Однако, если конечной целью является единство в истине и добре, тогда зло не выступает как самоценное явление или как замысел ради него самого, но как временный фон – условие, в котором раскрывается подлинная ценность добра.
Эта мысль находила выражение в трудах философов и богословов. Так, Иоанн Дамаскин подчёркивал, что Бог допускает зло не потому, что оно благо само по себе, а потому что свобода выше, чем безопасность. Подобно ему, Августин утверждал, что зло – не сущность, а лишь отсутствие добра (privatio boni), возникающее как следствие отступления от порядка.
Сказать, что Бог допускает страдания, потому что Он нас любит – формально правильно. Но если произнести это без размышлений, без внутренних переходов, это звучит как цинизм. Чтобы понять, почему Любовь требует допуска зла, нужно пройти путь рассуждений. Иначе истинное утверждение покажется ложным.
Возникает логичный вопрос: “Ну хорошо, добро раскрывается в контексте зла – но почему нельзя было дать это знание сразу?” Ответ: создание совершенного существа не тождественно созданию свободной личности. Совершенство, заданное извне, представляет собой конфигурацию, но не внутреннее содержание. Оно может быть полным по форме, но не по содержанию, потому что автоматически заданное совершенство лишено пути, а, следовательно, и подлинного выбора.
Личность формируется во времени: через опыт, через заблуждение, через рост понимания.. Именно это делает её субъектом, а не объектом.

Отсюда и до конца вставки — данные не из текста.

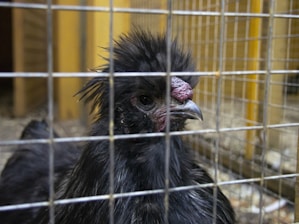 A black chicken with a fluffy crest is seen behind a wire enclosure. The chicken's dark feathers contrast with its light comb and beak. It seems to be in a barn or similar setting with wooden elements visible in the background.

Если бы Бог создал существо сразу обладающим полной мудростью, добродетелью и любовью, оно не было бы личностью в собственном смысле, но лишь проекцией замысла, не прошедшей процесса самоосвоения и самотворения. Такое существо, будучи лишено пути, не имело бы свободы в подлинном значении, потому что свобода – это не только возможность выбора, но и процесс становления.
Бог, как Творец, желает не просто сформировать совершенные структуры, а взрастить сознательные сущности, способные к свободному соучастию в Его замысле. Поэтому Он допускает становление, а не заменяет его принудительным завершением.
Возникающий отсюда предельный вопрос – можно ли признать допустимым даже вопиющее зло ради высших целей, и не делает ли это саму структуру замысла морально неустойчивой – будет предметом отдельного рассмотрения в заключительной части текста.